POST /api/v1/customers/1/subscriptions
Sending a POST request to the endpoint, will create and save a JSON response for the FE team.
{
"data": {
"id": "1",
"type": "subscription",
"attributes": {
"title": "Foe Hammer Kick = weekly subscription for Luke",
"price": 400,
"frequency": "weekly",
"status": "active"
}
}
}
PATCH /api/v1/customers/1/subscriptions/1
Sending a PATCH request, will update the customers subscription to either active or cancelled.
{
"data": {
"id": "1",
"type": "subscription",
"attributes": {
"title": "Foe Hammer Kick = weekly subscription for Luke",
"price": 400,
"frequency": "weekly",
"status": "cancelled"
}
}
}
GET /api/v1/customers/1/subscriptions
Sending a GET request to the endpoint, will return the proper JSON response.
{
"data": [
{
"id": "1",
"type": "subscription",
"attributes": {
"title": "Foe Hammer Kick = weekly subscription for Luke",
"price": 400,
"frequency": "weekly",
"status": "active"
}
},
{
"id": "1",
"type": "subscription",
"attributes": {
"title": "Apolyon, the Soul-Render = weekly subscription for Luke",
"price": 400,
"frequency": "weekly",
"status": "active"
}
}
]
}
If I were to consume the API information for individual teas, I would go through this path.
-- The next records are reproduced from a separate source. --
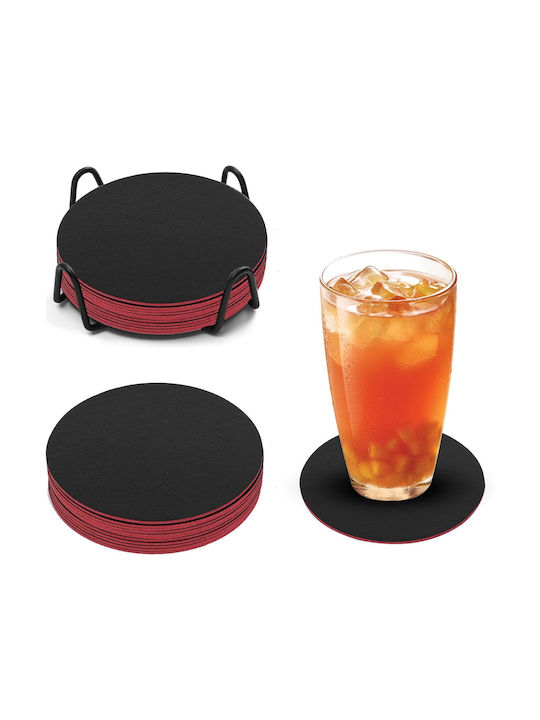 Double-sided Non-slip Felt Coasters Glasses Σουβέρ Ξύλινο Μαύρο 21τμχ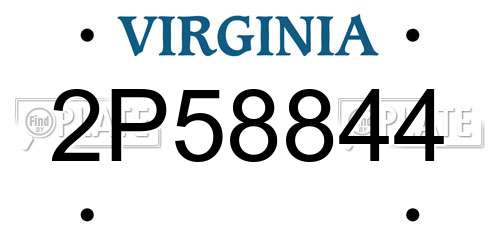 2P58844 Virginia License Plate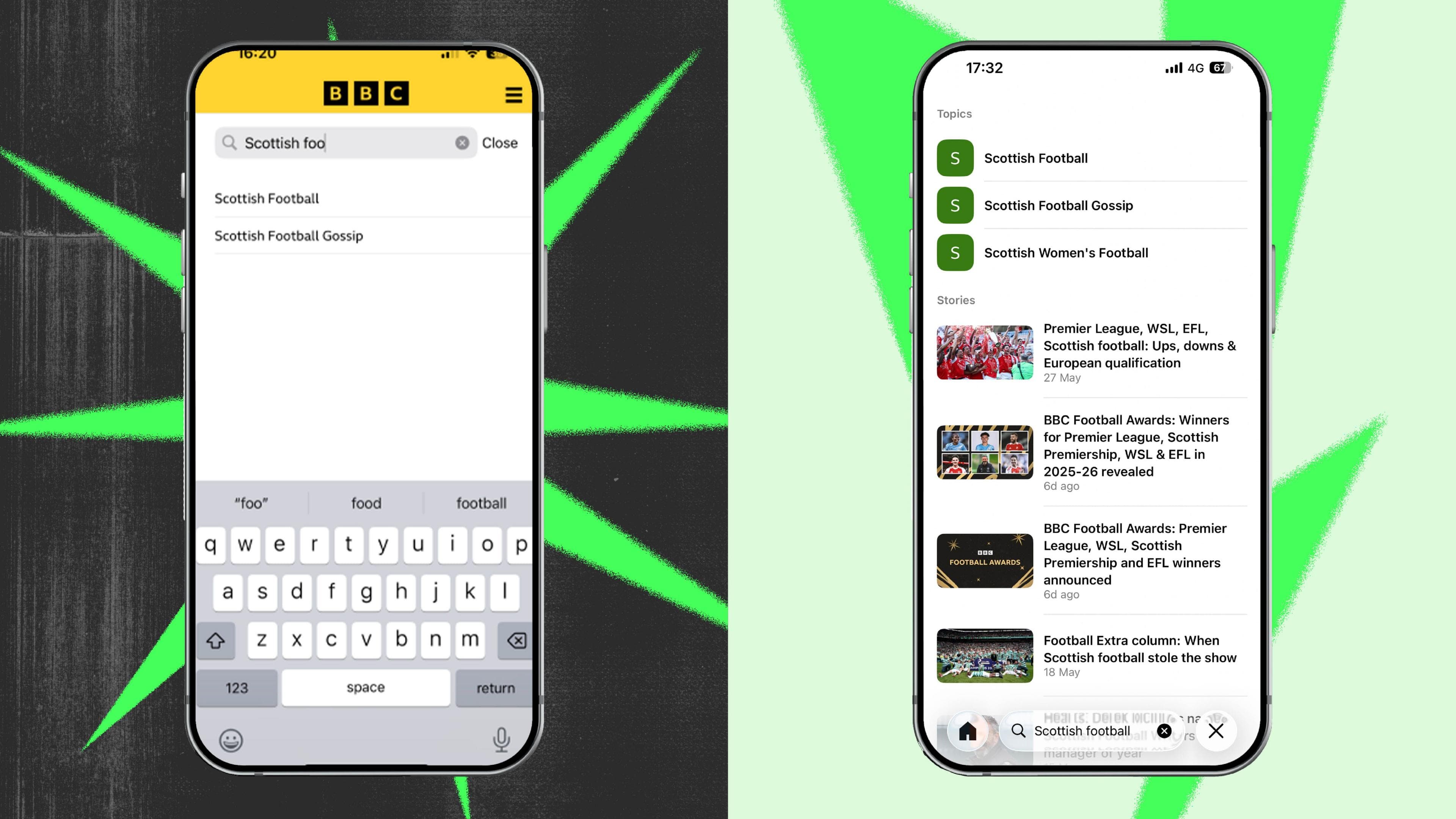Illustration of BBC Sport's new search function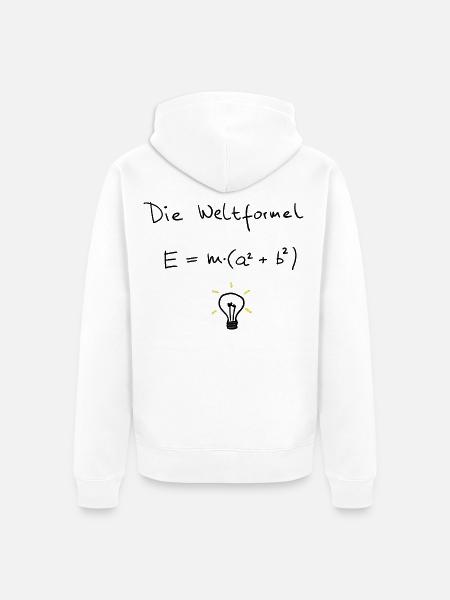 Die Weltformel (handgeschrieben) - Unisex Premium Bio Zip Hoodie - Weiß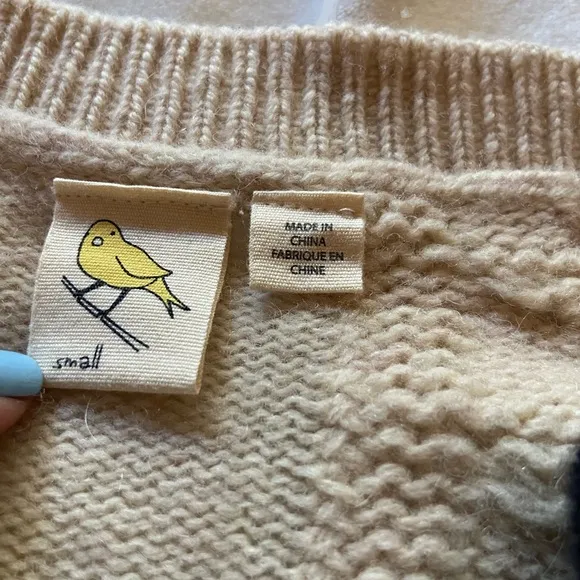 Anthropologie Yellow bird dimensional petals cardigan. Size S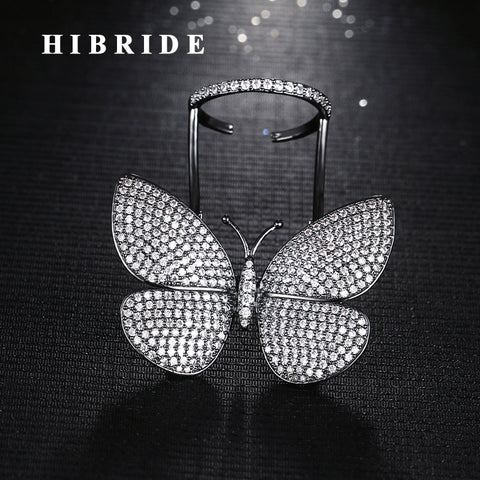 HIBRIDE Beautiful Butterfly Shape Cubic Zirconia Adjustable Rings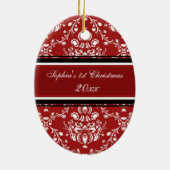 Ęr ornement de Noël de damassé du bébé rouge de (Dos)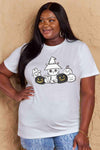 Simply Love Full Size Cat & Pumpkin Graphic Cotton T-Shirt Women's T-Shirts - Tophatter Daily Deals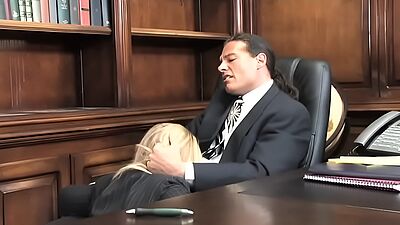 Big boobs blonde Aline in stocking seduces boss for quickie sex on desk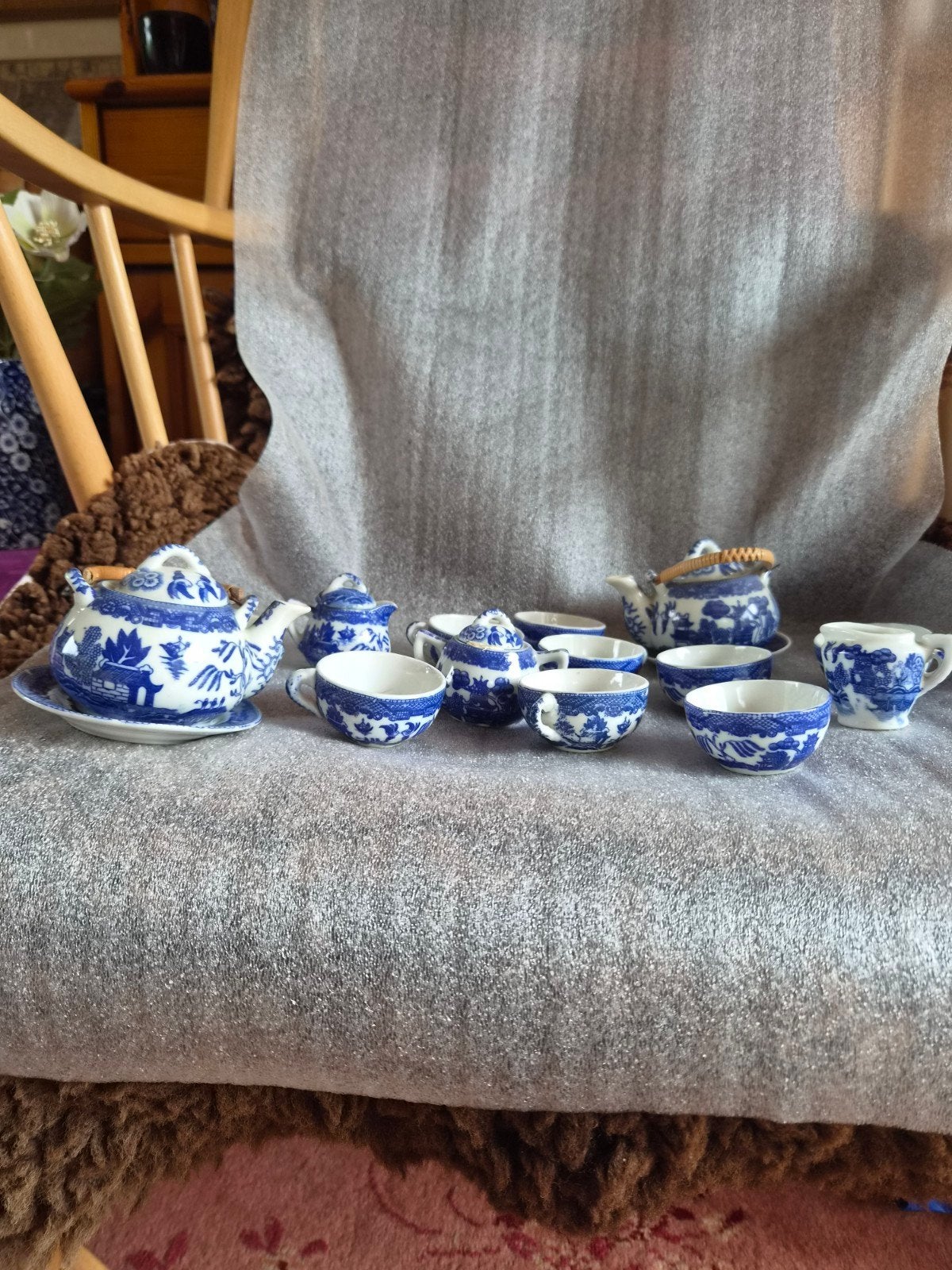 Vintage Blue Willow Poppen-/Kinderservies - Uitgebreide Set, Antiek en Kunst, Antiek | Porselein, Ophalen
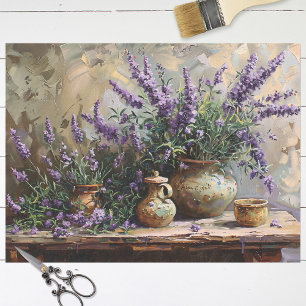 Papier Mousseline Fleurs de lavande dans les pots d'argile Découpage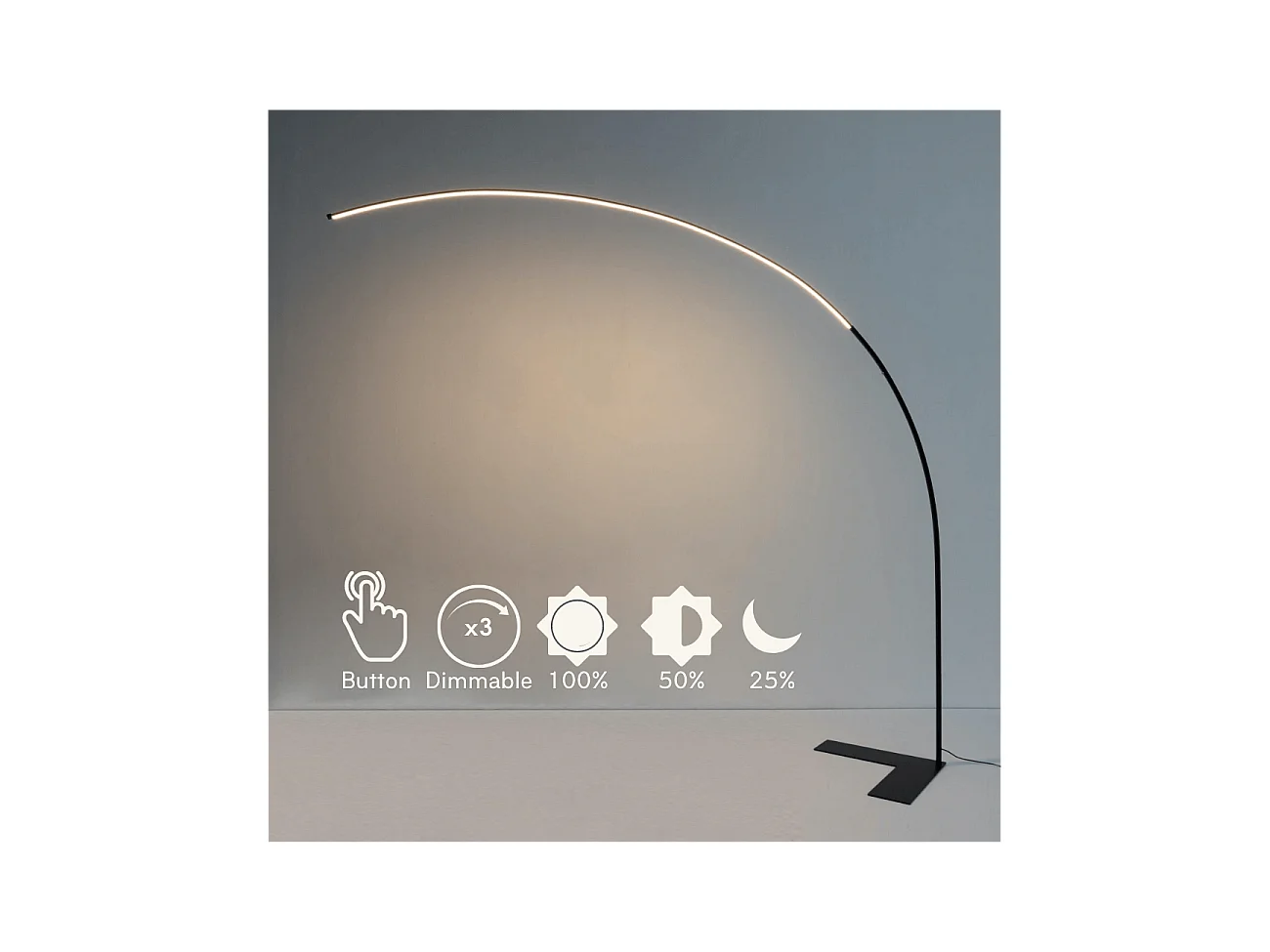 Grand lampadaire LED Dimmable design courbé - Avellino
- Create a Service for the Tea using the Faraday Gem.
- Create a Facade to properly format the request with a Poro.
- Save the Tea that is requested to the Customers list.
- I would not save the data to my own database.
- I would build out an error serializer method for tea in cases where the API is not available.
- I would format the Tea API JSON to fit my input and I would create a Tea controller and model.
- I believe this would fully consume the API for our purposes.
CORS is actually not very difficult to introduce to your codebase.
- gem 'rack-cors' is preloaded into the ruby gemfile
- uncomment it
- add config code to helper files
- push to database
I would utilize Heroku or another free to deploy service.
- Setup database on Heroku and connect it with my code.
- Allow for Github CD in the settings menu.
- Continue to Monitor it when uploading new code to the main branch.